I am a very pedestrian user of numerical integration, but I am aware that Mathematica has different strategies for this purpose. Can anybody recommend me a proper approach to tackle this numerical integral?

• NIntegrate cannot integrate stuff that is not purely numerical: you seem to want this integral for some unspecified N. Another problem is that N is a reserved Mathematica function name. Trying Integrate[-(2 u)^n E^(-2 n u) 1/(1 - 2 u), {u, 0, Infinity}] instead, Mathematica tells me after a few seconds that the integral does not converge. – Marius Ladegård Meyer Oct 31 '16 at 10:59
• @MariusLadegårdMeyer corrected – PhoenixPerson Oct 31 '16 at 11:23
• Since you have a singularity at u == 1/2, you need to specify that you want a principal value. The symbolic answer is more useful because you have such crazy huge exponents: Integrate[-(2 u)^n E^(-2 n u) 1/(1 - 2 u), {u, 0, Infinity}, PrincipalValue -> True] gives something... – Marius Ladegård Meyer Oct 31 '16 at 12:29
• @MariusLadegårdMeyer I know that I can perform it analytically. I have that. I want a numerical check. – PhoenixPerson Oct 31 '16 at 12:33

This is how the integrand looks like:

GraphicsGrid[
Partition[
Table[Plot[-((2*u)^n/(E^(2*n*u)*(1 - 2*u))),
{u, 0.4, 0.6}, Frame -> True, PlotRange -> {All, {-1, 5}}, MaxRecursion -> 12,
PlotLabel -> StringJoin["n = ", ToString[n]]],
{n, 2, 12, 2}], 3], ImageSize -> 600, Spacings -> 0] It has an asymptote at $u=0.5$. Let's split the integral into two parts excluding the singularity (for illustrative purposes - see also the comment at the end of this post):

ε = 0.00001;

int[n_] :=
NIntegrate[-(2 u)^n E^(-2 n u) 1/(1 - 2 u), {u, 0, 0.5 - ε}] +
NIntegrate[-(2 u)^n E^(-2 n u) 1/(1 - 2 u), {u, 0.5 + ε, Infinity}]

and

ListPlot[Table[{n, int[n]}, {n, 1, 20}], Frame -> True,
PlotRange -> All, PlotStyle -> {Red, PointSize[Large]},
FrameLabel -> {"n", "int[n]"}] int is $1.92\cdot 10^{-10}$, and int - $1.55\cdot 10^{-45}$. The value n = 1000 gives a numerical zero.

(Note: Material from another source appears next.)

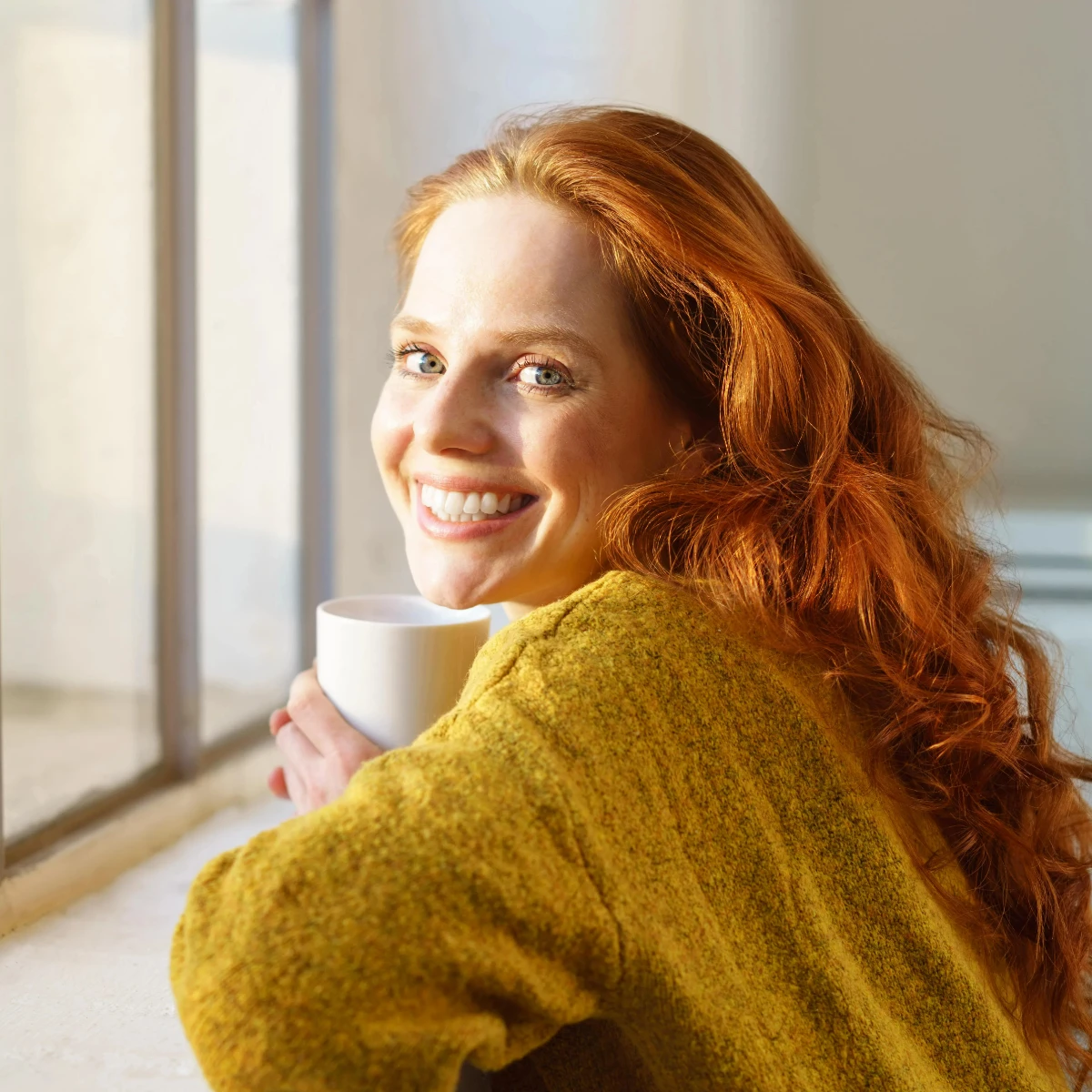  Entspannte frau steht am Fenster und genießt eine Tasse Tee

Those values are the same if obtained with Integrate performed with PrincipalValue -> True - see Marius's comment; in general

Normal @ Integrate[-(2 u)^n E^(-2 n u) 1/(1 - 2 u), {u, 0, Infinity},
PrincipalValue -> True] with a condition Re[n] >= 0.

Explicitly listing the singularity at 1/2 gives an error-free result:

NIntegrate[-(2 u)^1000 E^(-2000 u) 1/(1 - 2 u), {u, 0, 1/2, Infinity},
MaxRecursion -> 20, WorkingPrecision -> 16,
Method -> "PrincipalValue"]
(*  6.705858148612409*10^-437  *)

It is stable under increasing WorkingPrecision, PrecisionGoal and MinRecursion. Update: It agrees with the following symbolic result:

int = Integrate[-(2 u)^1000 E^(-2000 u) 1/(1 - 2 u), u];
Block[{\$MaxExtraPrecision = 500},
N[Limit[int, u -> Infinity] - Limit[int, u -> 0], 16]
]
(*  6.705858148607688*10^-437  *)

The agreement between the numeric result above and the exact result improves as the WorkingPrecision increases. So this now seems to be the correct result. (Compare with the result below.)

Original: The symbolic result of Marius Ladegård Meyer is somewhat different from the answer above:

val = Integrate[-(2 u)^n E^(-2 n u) 1/(1 - 2 u), {u, 0, Infinity},
PrincipalValue -> True];
N[Limit[val, n -> 1000], 8]
(* 1.26877823*10^-438 + 0.*10^-447 I  *)

Apparently this symbolic result is erroneous.